Step 2 — Register the model in Azure ML¶

az ml model create \
  --name sklearn-diabetes \
  --path ./model \
  --type custom_model \
  --description "Ridge regression on diabetes dataset - online endpoint lab"

Confirm registration:

az ml model list --query "[?name=='sklearn-diabetes'] | [0].{name:name, version:version}" -o table

Step 3 — Create the environment and endpoint¶

Register the environment first — the deployment references it by name:

az ml environment create -f environment.yml

Then create the endpoint (the front door):

az ml online-endpoint create -f endpoint.yml

Wait for provisioning to complete and verify:

az ml online-endpoint show -n infer-demo \
  --query "{name:name, state:provisioning_state, auth:auth_mode, uri:scoring_uri}" -o table

You should see provisioning_state: Succeeded before proceeding.

Step 4 — Create the deployment and route traffic¶

az ml online-deployment create -f deployment.yml --all-traffic

This builds the container, provisions the VM(s), mounts the model, and starts the inference server. Expect 5–10 minutes for the first deployment while the container image is built.

Validate the deployment:

az ml online-deployment show \
  --name blue --endpoint-name infer-demo \
  --query "{name:name, state:provisioning_state, instance_type:instance_type, instance_count:instance_count}" \
  -o table

💡 Pro Tip: Subsequent deployments with the same environment are much faster — Azure ML caches the built container image, similar to how Docker layer caching works.

Step 5 — Test the endpoint¶

Quick test with the CLI:

az ml online-endpoint invoke -n infer-demo --request-file sample-request.json

Expected output — a JSON array of predictions:

[153.47]

Test with curl (closer to how a real client would call it):

SCORING_URI=$(az ml online-endpoint show -n infer-demo --query scoring_uri -o tsv)
API_KEY=$(az ml online-endpoint get-credentials -n infer-demo --query primaryKey -o tsv)

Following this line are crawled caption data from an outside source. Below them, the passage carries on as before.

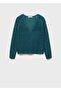 Lureks fabric V-neck sweater - 3
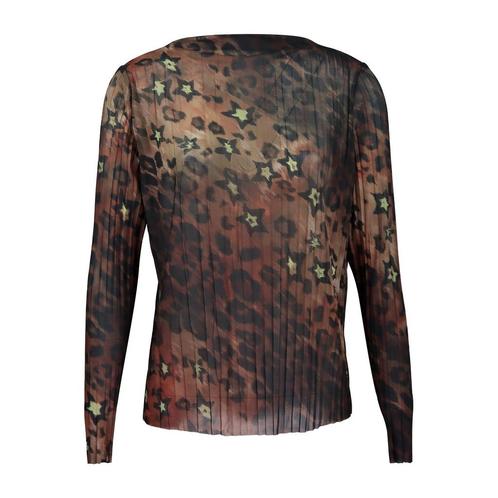 Frogbox • bruine geplooide top • 36, Kleding | Dames, Tops, Bruin, Nieuw, Maat 36 (S), Verzenden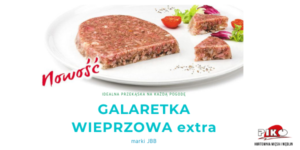 NOWOŚĆ – GALARETKA WIEPRZOWA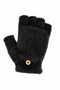 Women's Angora Knitwear Capped Cut-Out Gloves - 3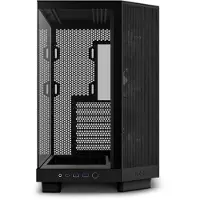 NZXT H6 Flow RGB, Midi Tower, PC, Schwarz, ATX, micro ATX, Mini-ITX, Stahl, Gehärtetes Glas, Blau, Grün, Rot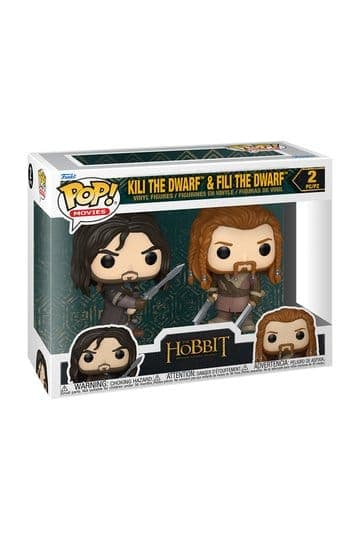 The Hobbit Funko POP! Vinyl Figures 2-Pack Kili & Fili 10 cm - Funko POP!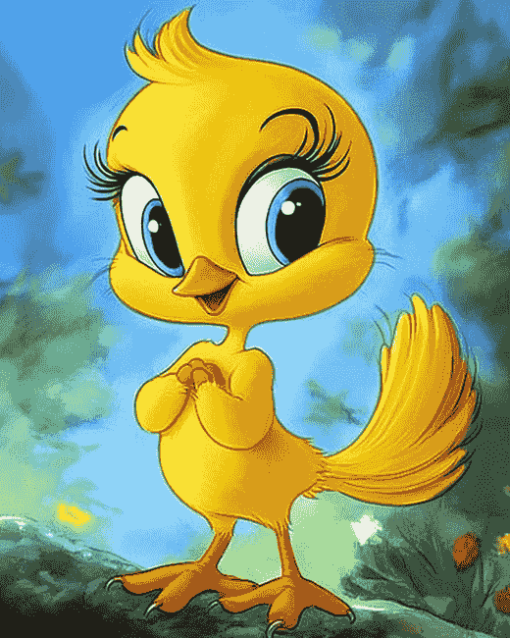 Tweety Cartoon Adventures Diamond Painting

curl -s -X POST "$SCORING_URI" \
  -H "Authorization: Bearer $API_KEY" \
  -H "Content-Type: application/json" \
  -d @sample-request.json

Check deployment logs for any runtime issues:

az ml online-deployment get-logs --name blue --endpoint-name infer-demo --lines 50

Verify endpoint health metrics:

az ml online-endpoint show -n infer-demo \
  --query "{traffic:traffic, provisioning:provisioning_state}" -o json

Production considerations¶

This lab uses auth_mode: key and a single instance for simplicity. Here's what a production deployment looks like:

Concern	Lab setting	Production recommendation
Authentication	`key` (shared secret)	`aad_token` — integrates with Entra ID, supports RBAC, auditable
Network	Public endpoint	Private endpoint via Azure Private Link; disable public access
Identity	None	System-assigned managed identity for accessing Key Vault, Storage, etc.
Scaling	`instance_count: 1`	Autoscale rules based on CPU, request latency, or queue depth
Releases	Single "blue" deployment	Blue-green: deploy "green," shift traffic 10% → 50% → 100%, delete "blue"
Monitoring	Manual log checks	Integrate with Azure Monitor and Application Insights (see Chapter 7)
Security	N/A	Network isolation, RBAC scoping, secret rotation (see Chapter 8)

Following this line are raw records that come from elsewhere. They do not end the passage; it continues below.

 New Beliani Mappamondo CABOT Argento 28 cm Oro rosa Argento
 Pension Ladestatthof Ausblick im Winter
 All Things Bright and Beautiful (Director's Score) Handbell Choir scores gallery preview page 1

Blue-green deployment example:

# Deploy new version as "green"
az ml online-deployment create -f deployment-green.yml

# Shift 10% of traffic to green
az ml online-endpoint update -n infer-demo --traffic "blue=90 green=10"

# After validation, shift all traffic
az ml online-endpoint update -n infer-demo --traffic "blue=0 green=100"

# Clean up old deployment
az ml online-deployment delete --name blue --endpoint-name infer-demo --yes

📖 Book cross-reference: Blue-green and canary patterns are covered in depth in Chapter 6 (MLOps Pipelines). For securing endpoints with private networking and managed identities, see Chapter 8 (Security for AI Workloads).

Cost estimates¶

Managed endpoints bill for compute while the deployment is provisioned — whether or not it's receiving traffic.

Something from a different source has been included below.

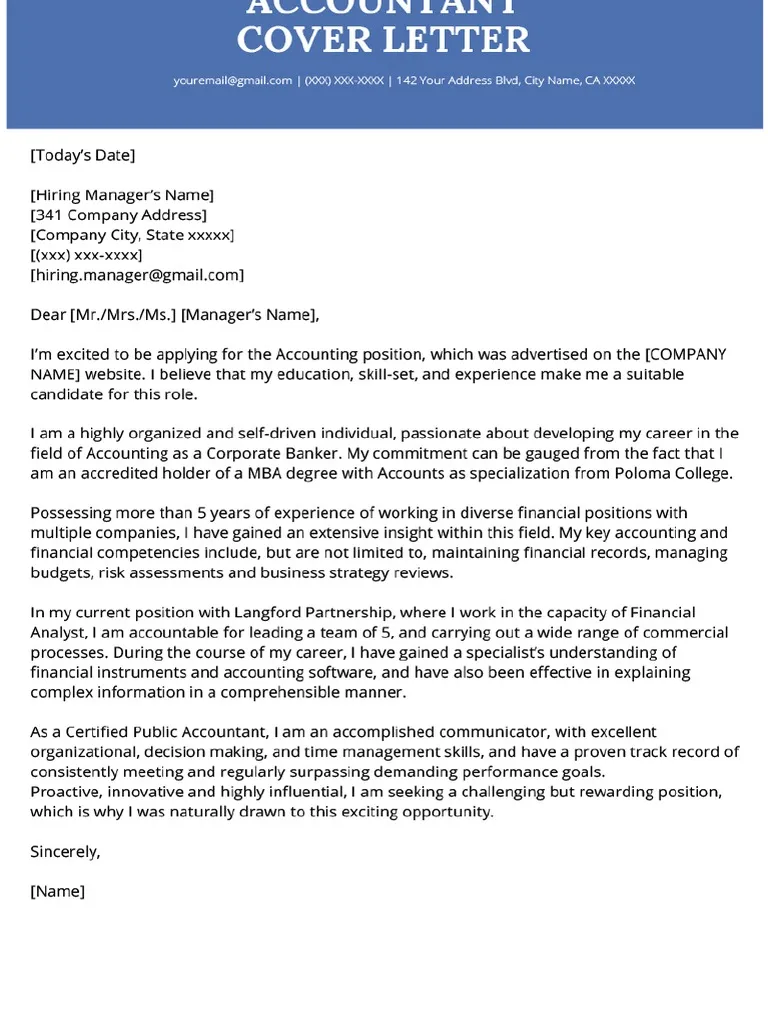 40153 accounting cover letter closing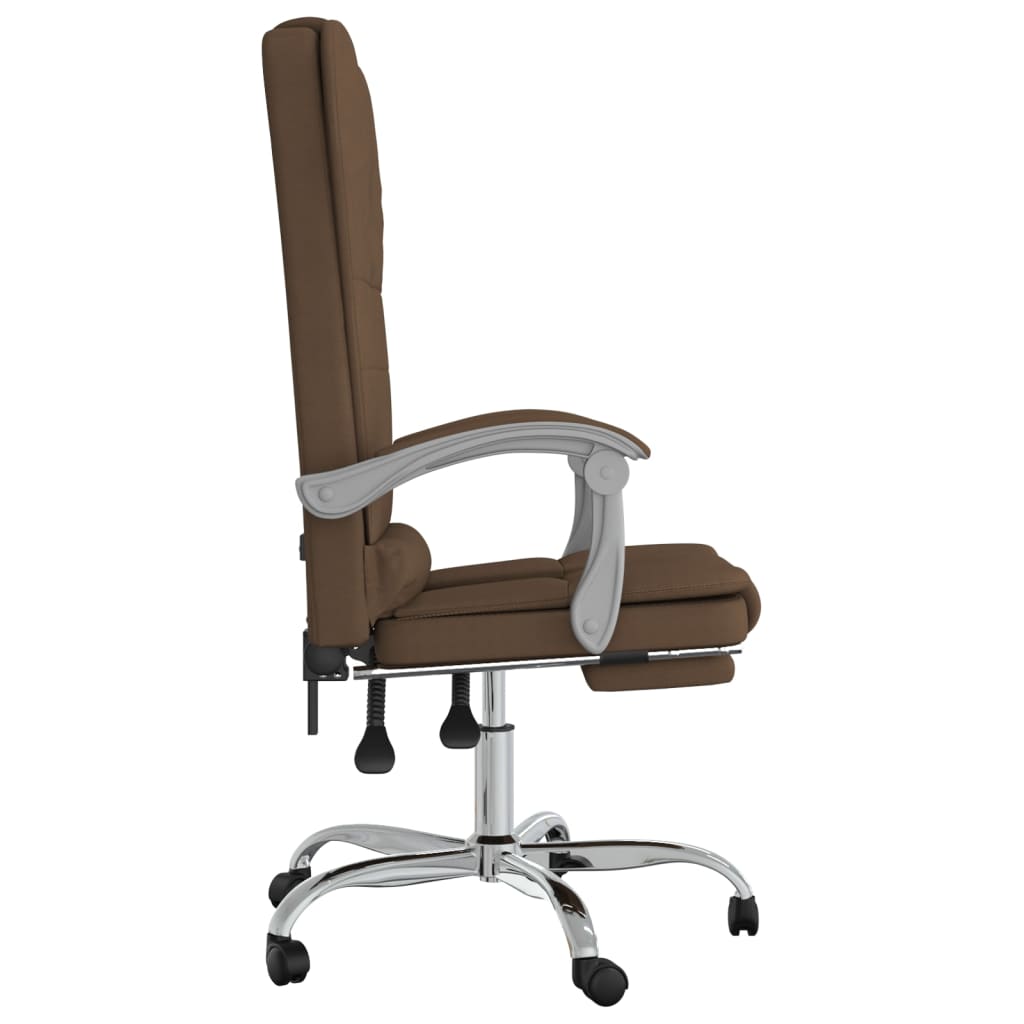 Fauteuil de massage inclinable de bureau Marron Tissu - XIOS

SKU	vCPU	RAM	Approx. cost/hr	Typical use case
`Standard_DS2_v2`	2	7 GB	~$0.10	Lightweight CPU models (sklearn, XGBoost)
`Standard_DS3_v2`	4	14 GB	~$0.20	Mid-size models, higher throughput
`Standard_NC6s_v3`	6	112 GB + 1×V100	~$3.06	GPU inference (PyTorch, TensorFlow)

💡 Pro Tip: For dev/test, scale to instance_count: 0 when you're not actively testing — or simply delete the deployment and recreate it when needed. The model and environment remain registered, so redeployment takes minutes, not hours. Run az ml online-deployment update --name blue --endpoint-name infer-demo --instance-count 0 to scale down.

Troubleshooting¶

Deployment stuck in "Updating" or "Creating"¶

This usually means the container image is building or a health probe is failing.

# Get detailed logs
az ml online-deployment get-logs --name blue --endpoint-name infer-demo --lines 300

# Check provisioning state
az ml online-deployment show --name blue --endpoint-name infer-demo \
  --query "{state:provisioning_state, error:error}" -o json

Common causes: missing packages in environment.yml, syntax errors in score.py, or insufficient quota for the chosen VM SKU.

401 Unauthorized on invoke¶

# Retrieve current keys
az ml online-endpoint get-credentials -n infer-demo -o json

Make sure you're using the primaryKey or secondaryKey in the Authorization: Bearer <key> header. Keys rotate — if you stored one earlier, re-fetch it.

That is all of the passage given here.